§ Task requirements: Take the data below and write it out exactly, except for the pictures.

§ Data excerpt:
- - - - -
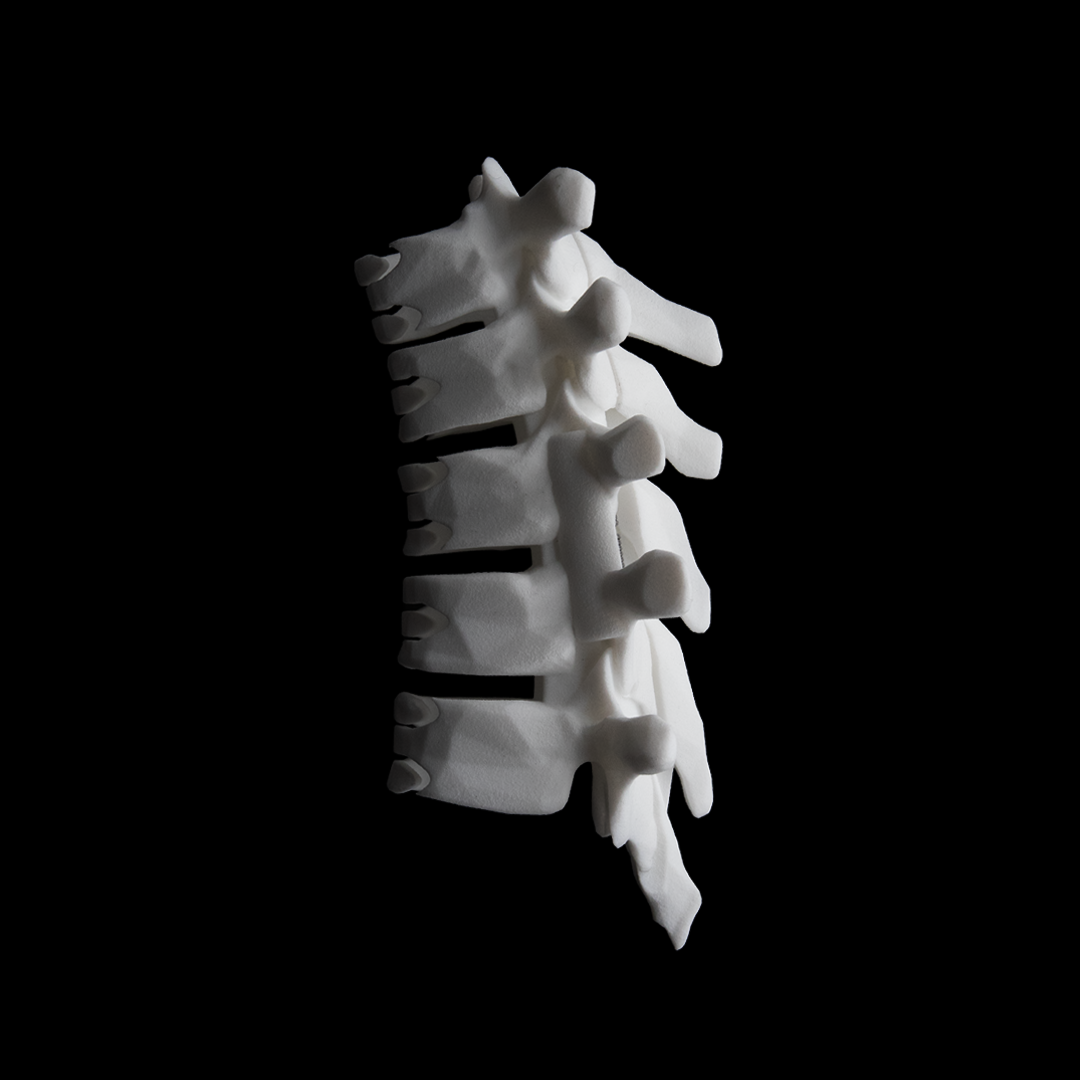 SHC-M / Bone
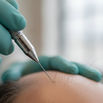 Scar Free Hair Restoration: Achieving Permanent Density Without Visible Marks
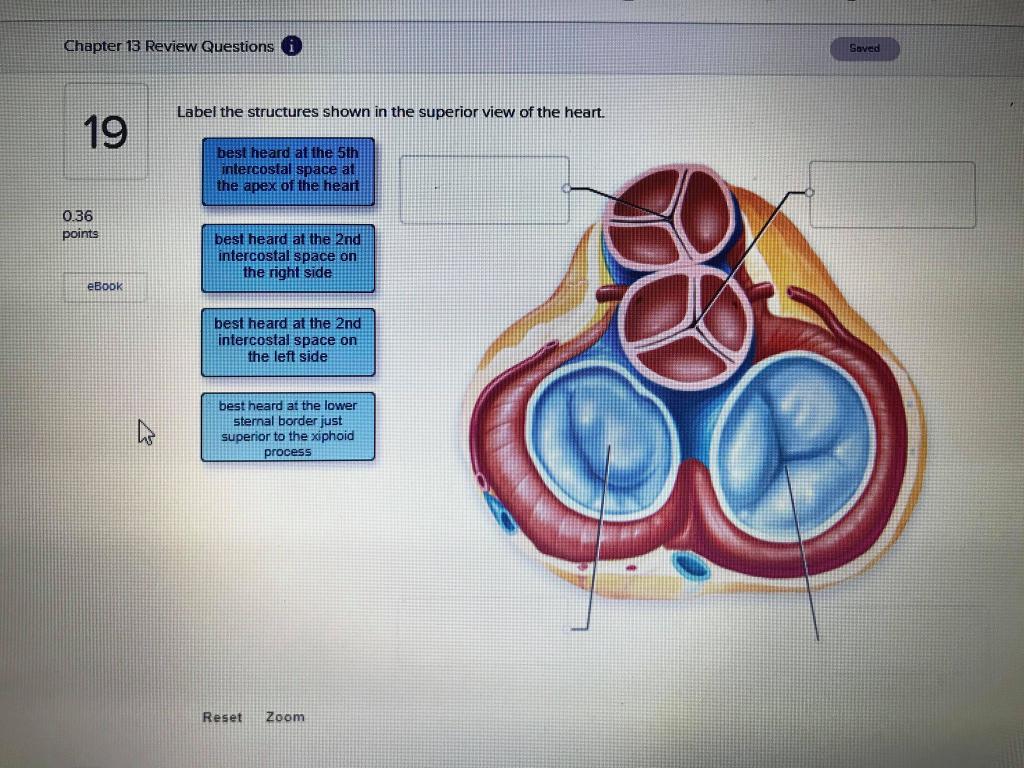 Solved Chapter 13 Review Questions 0 Saved Label the | Chegg.com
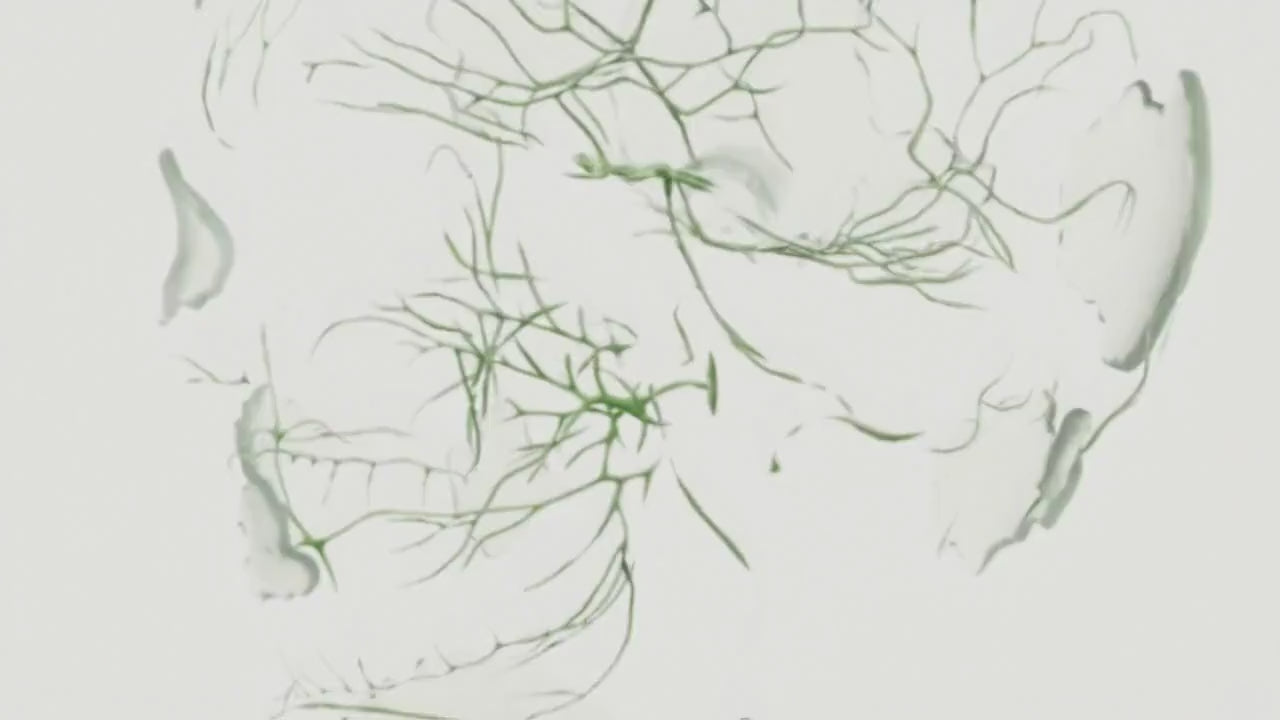 Load video: Anatomical illustration of a human body with green nervous system highlighted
- - - - -
§ Task result:
 SHC-M / Bone
 Scar Free Hair Restoration: Achieving Permanent Density Without Visible Marks
 Solved Chapter 13 Review Questions 0 Saved Label the | Chegg.com
 Load video: Anatomical illustration of a human body with green nervous system highlighted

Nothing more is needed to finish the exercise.